The hybrid cloud model is essentially a combination of the public and private cloud deployment models. When businesses use the hybrid model, they combine the two models and customize them to fit their needs. Some parts of your application may benefit from the elastic scalability of a public cloud, while some parts may require the security and in-house control of a private cloud. A hybrid model allows you to create the combination that works best for you. It enables you to use the rich and expanding ecosystem of cloud services and capabilities in the public cloud wherever your requirements allow.

Sometimes a company’s accounting preferences play into the decision to build a hybrid cloud. It may make sense to capitalize some cloud expenses by building a private cloud while amortizing other costs through a public provider.

Challenges of Deploying to the Cloud

In many ways, the main challenge of deploying to the cloud is determining which path to take given the multitude of options, especially because many of these choices are consequential and not easily reversed.
Understanding the vertical and horizontal cloud deployment options can help triangulate the decision-making process to find the right model for your organization.

Deploying to a Virtual Cloud

The complexity of the cloud and the wide variety of deployment options was part of the reason we developed Control Plane. Control Plane is a virtual cloud that enables cloud architects to combine the services, regions,and computing power of Amazon Web Services (AWS), Google Cloud Platform (GCP), Microsoft Azure, and any other public or private cloud to give developers a flexible, secure global environment. You don’t have to combine the whole cloud with Control Plane (although you could); most of our customers simply mix and match the clouds and cloud services they need for their application.

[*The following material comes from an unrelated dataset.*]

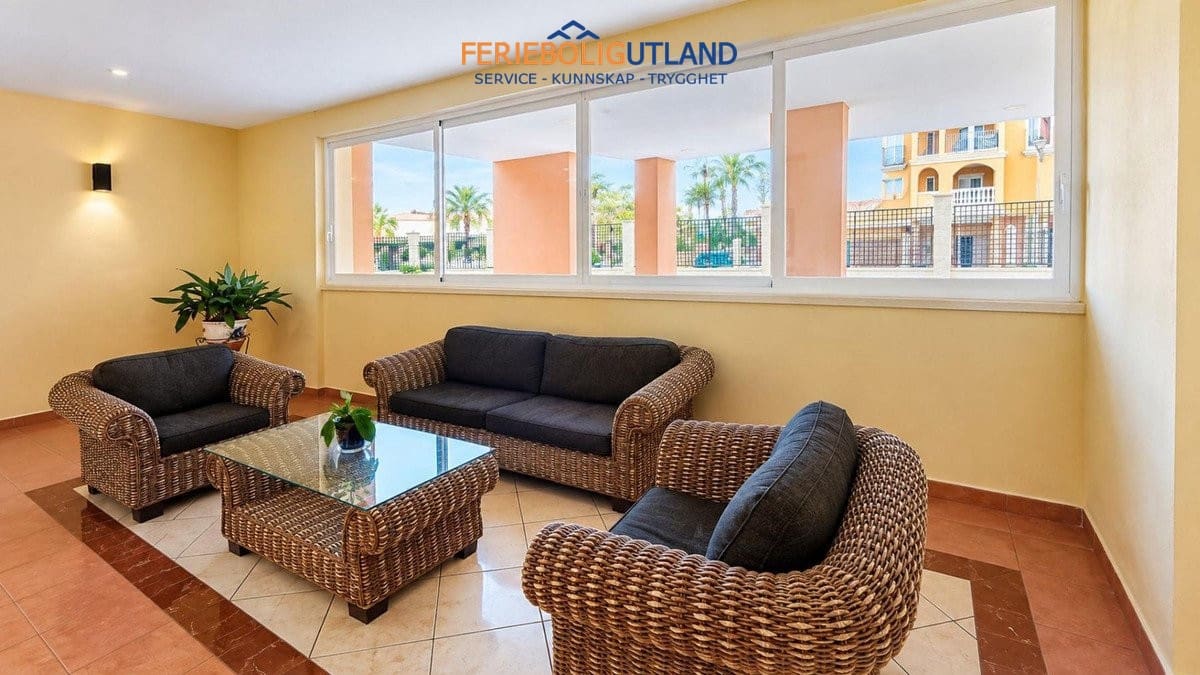 2 soveværelse Lejlighed til salg i Torrevieja med swimmingpool garage - € 260.000 (Ref: 10130164)
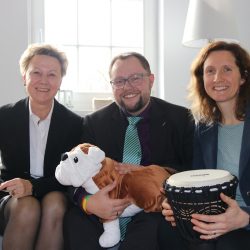 Sie kamen zur Einweihung der neuen Elternzimmer: Helma Orosz, An­dreas Führlich und Ulrike Grundmann. Foto: Mutschke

The Control Plane platform allows microservices to consume any combination of cloud services without requiring embedded credentials using a technology called Universal Cloud IdentityTM. Plus, because the platform gives you precise control over scaling computing resources to your app’s requirements, most companies can save a substantial amount compared to using individual clouds directly. Control Plane enables you to deploy your application to the cloud without having to navigate the matrix of options and tradeoffs inherent in other cloud deployments.

Frequently Asked Questions

What are the three types of cloud deployment?

The three types of cloud deployment are software-as-a-service (SaaS), platform-as-a-service (PaaS), and infrastructure-as-a-service (IaaS). Depending on a business’s goals and objectives, these models can be customized to fit the right needs.

What is AWS cloud deployment?

Amazon Web Services (AWS) offers many different options for cloud deployment, ranging from EC2, to Elastic Beanstalk, to Elastic Kubernetes Service (EKS), to Lambda – and many different options in-between. Each of these deployment methods offers advantages and disadvantages. Elastic Beanstalk, for instance, makes it easier to deploy an application, but doesn’t give developers the same flexibility and power of EKS.

Why should you compute on a cloud?

Many organizations favor cloud computing because it does not require you to buy and maintain hardware and infrastructure. This model helps save resources and make scalability faster and easier.